Anything else I'm not thinking to ask?
---
A little insight to my camera operation style, I go back to the film days, the only things I miss about film are the loading, rewinding and release tricks to get multiple exposures. And I'm quite happy to miss them, right along with automotive carburetor and valve adjustments though I still far prefer driving a stick.

Autofocus to me is a gimicky luxury, I do not expect autofocus to take photos for me. At the first sign of autofocus wavering, manual I engage. I'd much rather manual focus than dink around with shifting autofocus points instead of activating the shutter. I have little (read, no) interest in even learning how to shift autofocus points, yeah, I'm that old.


----------



## neuroanatomist (Jul 17, 2013)

The Eg-D is just the stock Eg-A with grid lines. If you want a grid in the VF, that's the way to go (provided the grid pitch is useful to you - it's not a rule of thirds grid). 

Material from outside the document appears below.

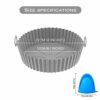 2 Pcs Kufixy Silicone Air Fryer Liners 8 inches with a Set of Silicone Gloves - Multipurpose Round Non-Stick Water and Oil Proof Liners for AirFr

For fast lenses, the Eg-S shows you the true DoF of the lens, and when manually focusing that's a big help - the subject just seems to 'snap' into focus. No real need for it with the 40/2.8, though. Lenses with f/1.2-f/2 max apertures are where you see the benefit. The Eg-S does make for a dark VF, especially with an f/5.6 lens indoors (outdoors in good light, it's not really an issue).

If you're used to manually focusing film cameras, you really might want to consider one of the 3rd party options (brightscreen, etc.) where you can get a split prism with a microprism collar, which was common on film cameras.


----------



## Sporgon (Jul 17, 2013)

In addition to Neuro's advice I would add in answer to your question in paragraph seven:

The f4 or slower lenses do give a noticeably darker viewfinder with the Eg-S which I personally do find irritating. Although the screens are easy enough to change they are not meant to be changed 'in the field' as it were, that is you wouldn't want to interchange them as you do your lenses., so if you are constantly changing between fast primes and slow zooms I would not recommend fitting one.

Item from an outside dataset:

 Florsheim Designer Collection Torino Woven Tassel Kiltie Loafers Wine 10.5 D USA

However if you are just using fast primes then I would certainly fit an Eg-S, my definition of a fast prime being f1.2 to 1.8 range. In my case mainly for the real DoF characteristics. 

I've stopped using mine because I am constantly changing between fast primes and slow zooms.

The 40mm f2.8 is borderline as Neuro has stated. You will see a slight benefit in real DoF at 2.8 but your screen will also be slightly darker than with the Eg-A.


----------



## BL (Jul 17, 2013)

Sporgon said:


> The f4 or slower lenses do give a noticeably darker viewfinder with the Eg-S which I personally do find irritating...
> 
> ...I've stopped using mine because I am constantly changing between fast primes and slow zooms.



+1 

i don't have any lenses slower than 2.8, but was really surprised how dim the VF got after throwing on a TC or using my 100L at macro distances. 

but for anything between f1.2 - f2, it's sublime for DOF feedback


----------



## eha (Jul 21, 2013)

I'm using the Eg-S Super Precision screen with my 6D.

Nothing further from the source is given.